* Extracted data *
§ §

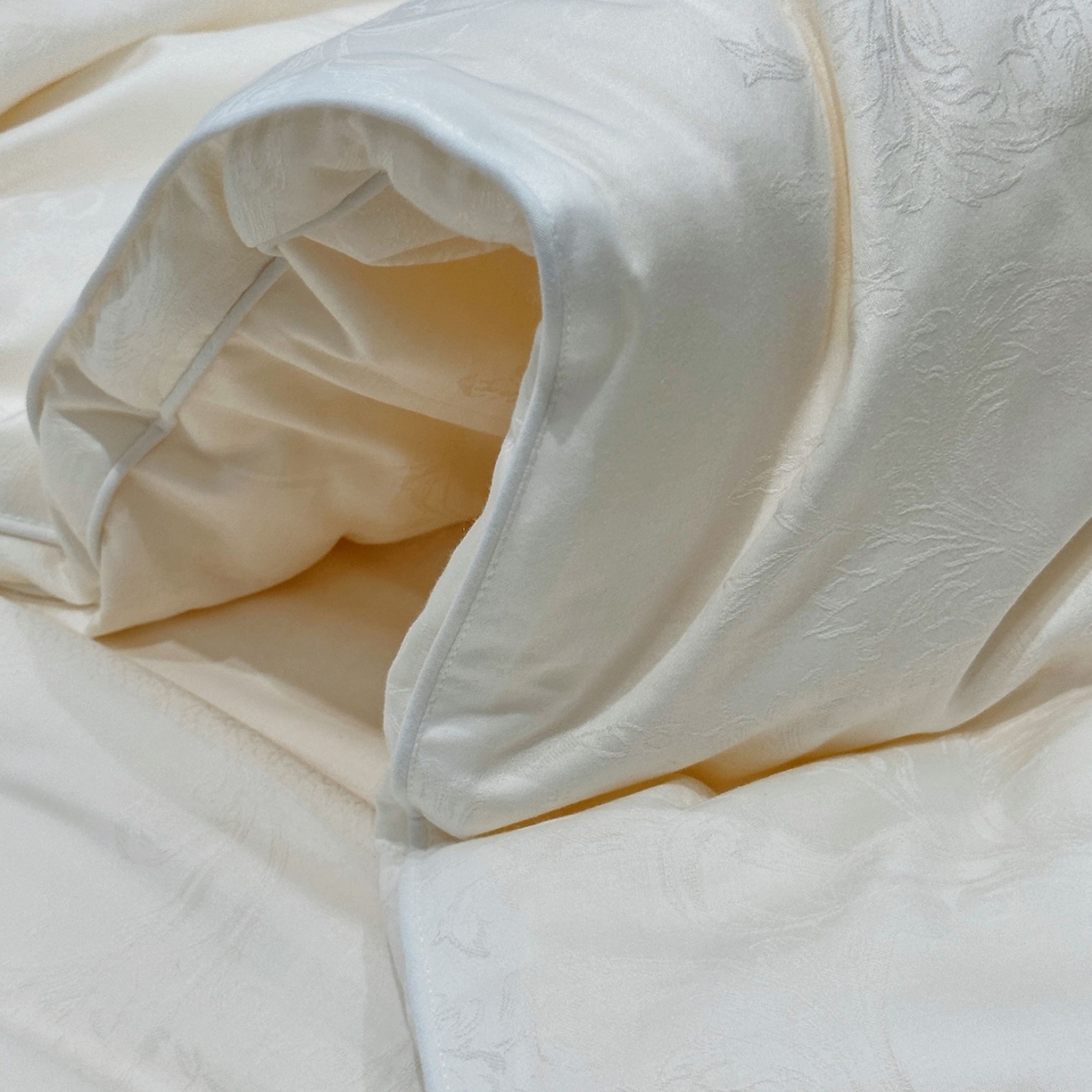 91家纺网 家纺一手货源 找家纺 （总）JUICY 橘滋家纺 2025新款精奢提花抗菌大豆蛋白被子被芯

§ §

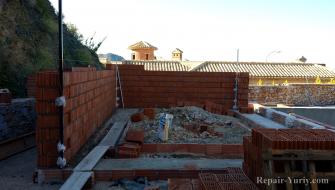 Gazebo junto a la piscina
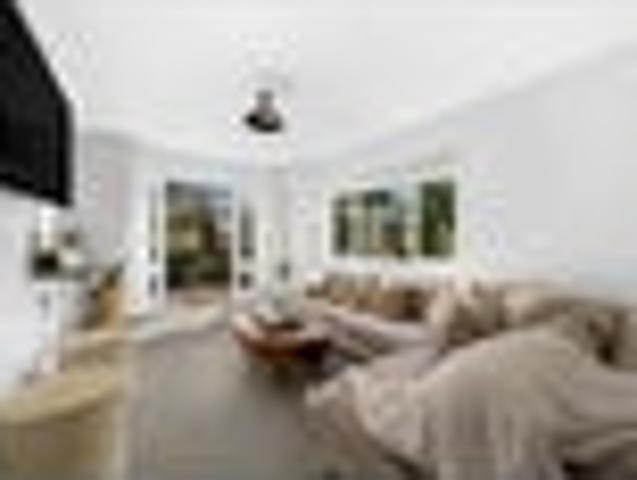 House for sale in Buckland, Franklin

§ §

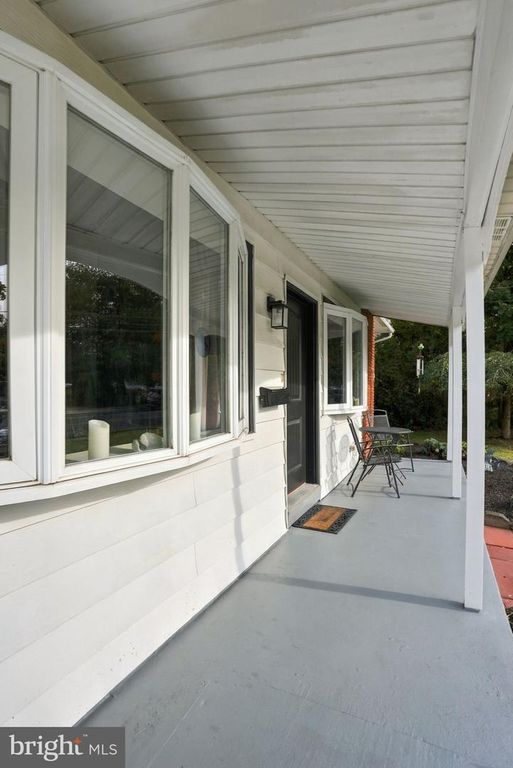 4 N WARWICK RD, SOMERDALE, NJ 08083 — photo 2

§ §

* What the exercise asks *
Go down the entries above from the line containing "Gazebo junto a la piscina" to the line containing "House for sale in Buckland, Franklin" and write out each line exactly, leaving pictures out.

* Response *
 Gazebo junto a la piscina
 House for sale in Buckland, Franklin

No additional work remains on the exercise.